There are a number of things which struck me as peculiar about The Old Wives’ Tale, which I’m struggling to reconcile, and it is dimly dawning on me that this might be the point. Its tone is detached but amiable, with a particular fondness for dogs. The bulk of it reads like a nineteenth century novel, with a little more licentiousness (around Gerald and Sophia’s elopement), but still, it is startling when cars and telegrams put in an appearance near the end. More startling is the way the sisters age and decline, with strokes of varying severity, obesity and sciatica all contributing. It is a brutally realistic account in some ways, and melodramatic in others: the timing of the attacks tends to coincide with important plot events, as though they are there for emphasis. It is an account, too, of the decline of retail in Bursley:
People would not go to Hanbridge for their bread or for their groceries, but they would go for their cakes. These electric trams had simply carried to Hanbridge the cream, and much of the milk, of Bursley’s retail trade.The Critchlows take the draper’s shop over from Constance, allowing her to live on in the rooms above it, and the pressure of the decline in trade eventually drives Mrs Critchlow to an asylum. Contrast the decline, for example, of Greshamsbury Hall in Trollope’s Doctor Thorne, which seems terminal, but is turned around by a cash injection when Frank marries well. Of course, the beauty of that plot is that he marries for love but ends up with money too. There is no such poetic justice in The Old Wives’ Tale: both sisters marry beneath them, one disastrously, and the only resulting child (Constance’s Cyril) is a neglectful son. Sophia lives in the shadow of her invalid father’s death, for which she was partly responsible, and which put an end to her only worthwhile ambition, to become a school teacher. Both sell their businesses and are comfortably off on the proceeds, but neither knows how to live well, because when they were living their important years, acquiring their habits, every available hour was taken up by trade. Cyril, with a generous £300-a-year from his mother, knows how to live a fashionable life, but has no moral fibre. There aren’t easy answers to any of these things, they are just (as the final section of the novel is entitled) ‘What Life is’.
[…] If Mrs Crichlow had been a philosopher, if she had known that geography had always made history, she would have given up her enterprise a dozen years ago. (pp. 567-8)

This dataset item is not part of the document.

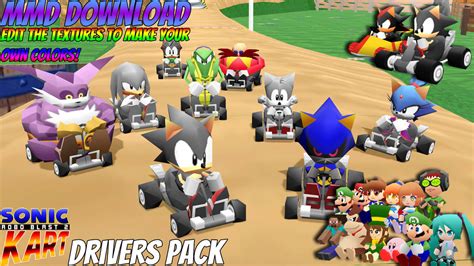 MMD Download - SRB2 Kart Racers by TheHomingBlueStar on DeviantArt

Even if it is all ultimately pointless, it isn’t necessarily so at the time. Sophia ran her boarding house well. Constance ran her shop well, and brought up Cyril. And, as I say, dogs. Here is Sophia’s arrival on the platform of Knype station, after thirty years’ absence, observed by Constance:
Presently she saw a singular dog. Other people also saw it. It was the colour of chocolate; it had a head and shoulders richly covered with hair that hung down in thousands of tufts like the tufts of a modern mop such as is bought in shops. This hair stopped suddenly rather less than half-way along the length of the dog’s body, the remainder of which was naked and as smooth as marble. The effect was to give the inhabitants of the Five Towns the impression that the dog had forgotten an essential part of its attire and was outraging decency. The ball of hair which had been allowed to grow on the dog’s tail, and the circles of hair which ornamented its ankles, only served to intensify the impression of indecency. A pink ribbon round its neck completed the outrage. The ribbon had absolutely the air of a decked trollop. A chain ran taut from the creature’s neck into the middle of a small crowd of persons gesticulating over trunks, and Constance traced it to a tall and distinguished woman in a coat and skirt with a rather striking hat. (p. 468)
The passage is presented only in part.